PCA is a dimensionality reduction technique that projects high-dimensional data (many ASVs per sample) onto a smaller number of axes (principal components) that capture the most variation. We use PCA on CLR-transformed data to visualize how samples cluster by experimental group and to identify which taxa drive the most separation between groups. See Creating a PCA Plot for instructions and interpretation.

Glossary

  • ASV: amplicon sequencing variant; a unique DNA sequence recovered after denoising.

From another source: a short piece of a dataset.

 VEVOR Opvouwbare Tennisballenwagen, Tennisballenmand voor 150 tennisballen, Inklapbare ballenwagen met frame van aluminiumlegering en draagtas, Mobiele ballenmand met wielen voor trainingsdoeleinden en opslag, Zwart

The fundamental unit of observation in metabarcoding data.
  • CLR transform: centered log-ratio transform; a normalization applied to compositional data before multivariate analysis.
  • DADA2: the denoising algorithm used to resolve raw sequencing reads into ASVs.
  • denoising: the process of correcting sequencing errors and collapsing reads into true biological variants (ASVs).
  • marker: a short, standardized gene region used for identification; our lab uses trnL (plants) and 12Sv5 (animals).
  • metabarcoding: a method for identifying organisms in a mixed sample by sequencing a shared marker region and matching against a reference.
  • OTU: operational taxonomic unit; an older clustering-based approach to grouping sequences, replaced by ASVs in our pipeline.
  • pFR: plant food richness; the number of distinct plant taxa detected in a sample.
  • phyloseq: an R object bundling ASV counts, taxonomy, and sample metadata into a single data structure.
  • pMR: plant and meat richness; the number of distinct taxa detected in a sample (used for 12Sv5 data).
  • QIIME2: the bioinformatics platform used for demultiplexing and initial sequence processing on the computing cluster.
  • reference database: a curated FASTA file mapping known marker sequences to taxonomy; used for assigning species to ASVs.
  • relative abundance: ASV counts expressed as proportions of total sample reads, summing to 1.
  • Shannon diversity: an alpha diversity metric that accounts for both richness and evenness.
  • taxonomy assignment: the process of matching ASV sequences to a reference database to determine species identity.